STACK    bsearch    left [4]             |
                   right [4]  findMe [1] |
                     mid [4]       i [.]-+---------\
         --------------------------------|         |
         bsearch    left [4]             |         |
                   right [6]  findMe [1] |         |
                     mid [5]       i [.]-+---------|
         --------------------------------|         |
         bsearch    left [0]             |         |
                   right [6]  findMe [1] |         |
                     mid [3]       i [.]-+---------|
         --------------------------------|         |
         bsearch  findMe [1]       i [.]-+---------|   -------------------
         --------------------------------|         \-->| -3 -2 0 0 1 5 5 |
         main                   args [.]-+->[]         -------------------
                                         |                                 HEAP

The stack frames appear at right in the figure above. There are three different local variables named "left" on the stack, three named "right", three named "mid", four named "i", and four named "findMe". While the current invocation of bsearch() is executing, only the topmost copy of "left" is in scope, and likewise for "right" and "mid". The other copies are hidden and cannot be accessed or changed until the current invocation of bsearch() terminates.

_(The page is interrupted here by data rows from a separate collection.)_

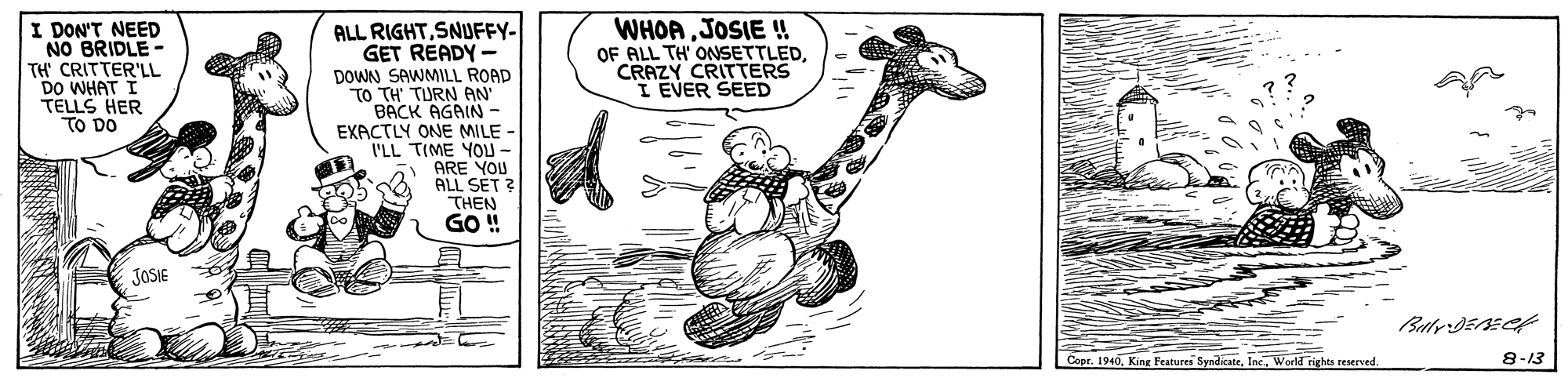 Illustration OCR: I DON'T NEED NO BRIDLE- TH' CRITTER'LL DO WHAT TELLS HER TO DO ALL RIGHTSNUFFY- GET READY- DOWN SAWMILL ROAD TO TH TURN AN BACK AGAIN - EXACTLY ONE MILE - VLL TIME YOU- ARE YOU ALL SET ? THEN GO! WHOAJOSIE ! OF ALL TH' ONSETTLEDCRAZY CRITTERS I EVER SEED JOSIE Copr. 1946Inc. World rights reserved. 8-13 I DON'T NEED NO BRIDLE- TH' CRITTER'LL DO WHAT TELLS HER TO DO ALL RIGHTSNUFFY- GET READY- DOWN SAWMILL ROAD TO TH TURN AN BACK AGAIN - EXACTLY ONE MILE - VLL TIME YOU- ARE YOU ALL SET ? THEN GO! WHOAJOSIE ! OF ALL TH' ONSETTLEDCRAZY CRITTERS I EVER SEED JOSIE Copr. 1946King Features SyndikateInc. World rights reserved. 8-13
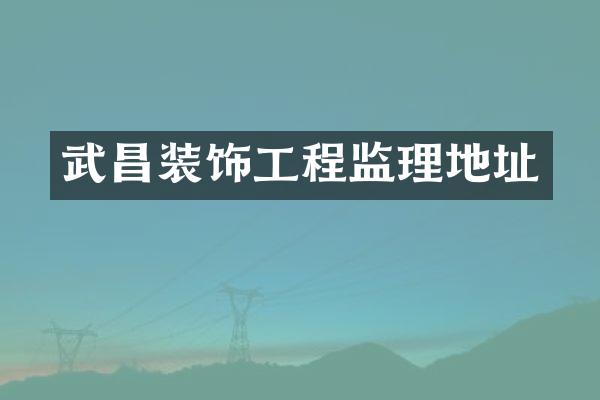 武昌装饰工程监理地址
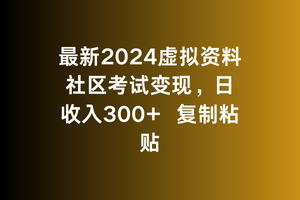 最新2024虚拟资料社区考试变现，日收入300+复制粘贴-蓝悦项目网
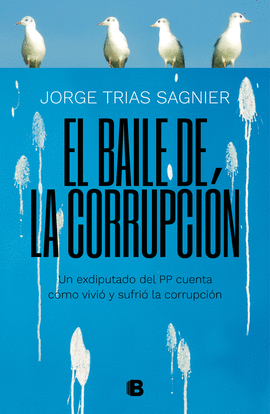 EL BAILE DE LA CORRUPCIN
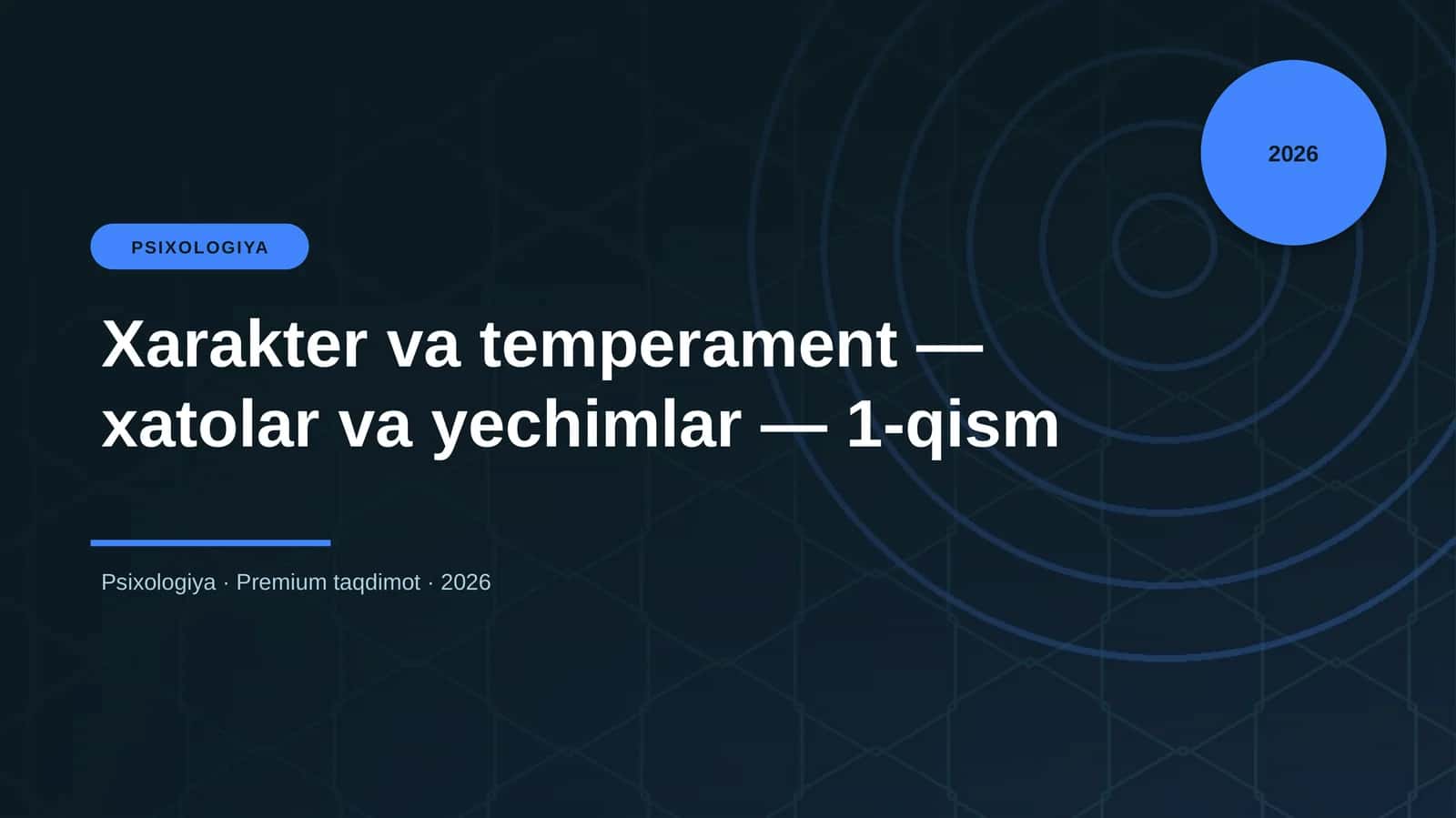 Xarakter va temperament — xatolar va yechimlar — 1-qism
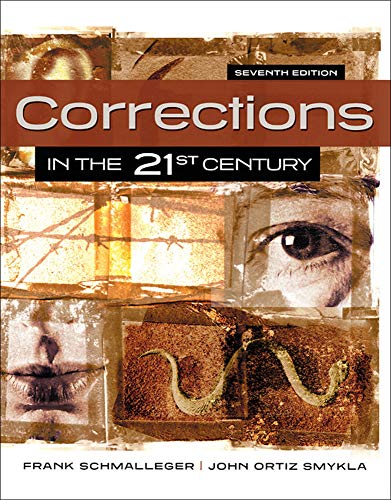 Corrections in the 21st Century 7th Edition by Frank Schmalleger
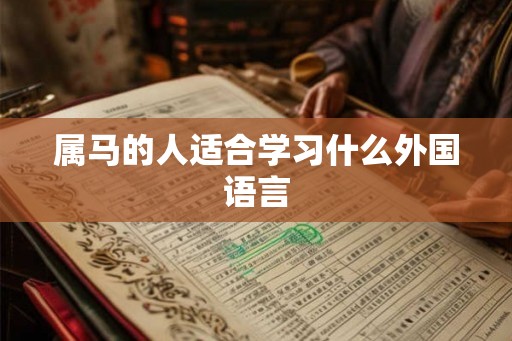 属马的人适合学习什么外国语言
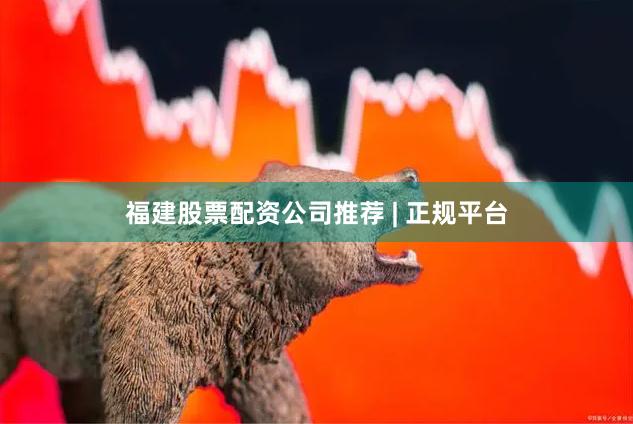 福建股票配资公司推荐 | 正规平台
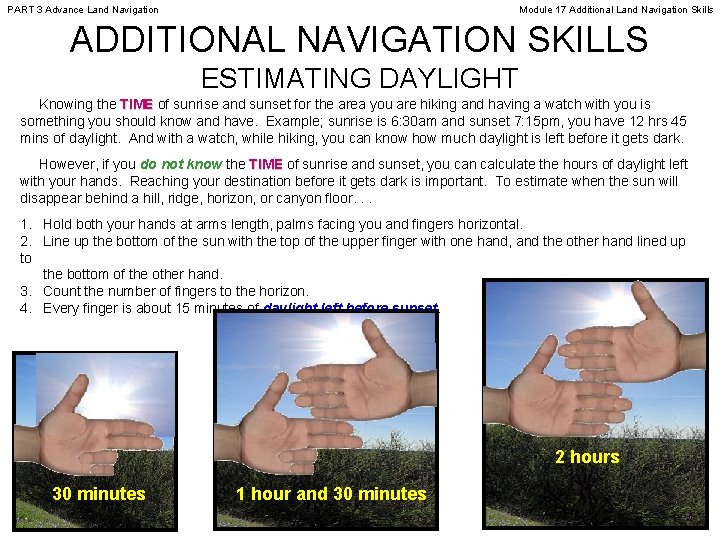 PART 3 Advance Land Navigation Module 17 Additional Land Navigation Skills ADDITIONAL NAVIGATION SKILLS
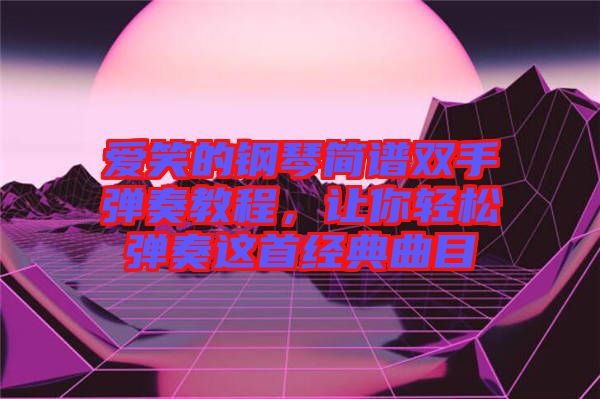 愛笑的鋼琴簡譜雙手彈奏教程，讓你輕松彈奏這首經典曲目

Most operating systems give a program enough stack space for a few thousand stack frames. If you use a recursive procedure to walk through a million-node list, Java will try to create a million stack frames, and the stack will run out of space. The result is a run-time error. You should use iteration instead of recursion when the recursion will be very deep.

However, our recursive binary search method does not have this problem. Most modern microprocessors cannot address more than 2^64 bytes of memory. Even if an array of bytes takes this much space, we will only have to cut the array in half 64 times to run a binary search. There's room on the stack for 64 stack frames, with plenty to spare. In general, recursion to a depth of roughly log n (where n is the number of items in a data structure) is safe, whereas recursion to a depth of roughly n is not.

Unfortunately, binary search can't be used on linked lists. Think about why.

Scope and Recursion

The scope of a variable is the portion of the program that can access the variable. Here are some of Java's scoping rules.

  • Local variables and parameters are in scope only inside the method that declares them, and only for the topmost stack frame. Furthermore, a local variable is in scope only from the variable declaration down to the innermost closing brace that encloses it. A local variable declared in the initialization part of a "for" loop is in scope only in the loop body.
  • Class variables (static fields) are in scope everywhere in the class, except when shadowed by a local variable or parameter of the same name.
  • Fully qualified class variables ("System.out", rather than "out") are in scope everywhere in the class, and cannot be shadowed. If they're public, they're in scope in all classes.
  • Instance variables (non-static fields) are in scope in non-static methods of the class, except when shadowed.
  • Fully qualified instance variables ("amanda.name", "this.i") are in scope everywhere in the class, and cannot be shadowed. If they're public, they're in scope in all classes.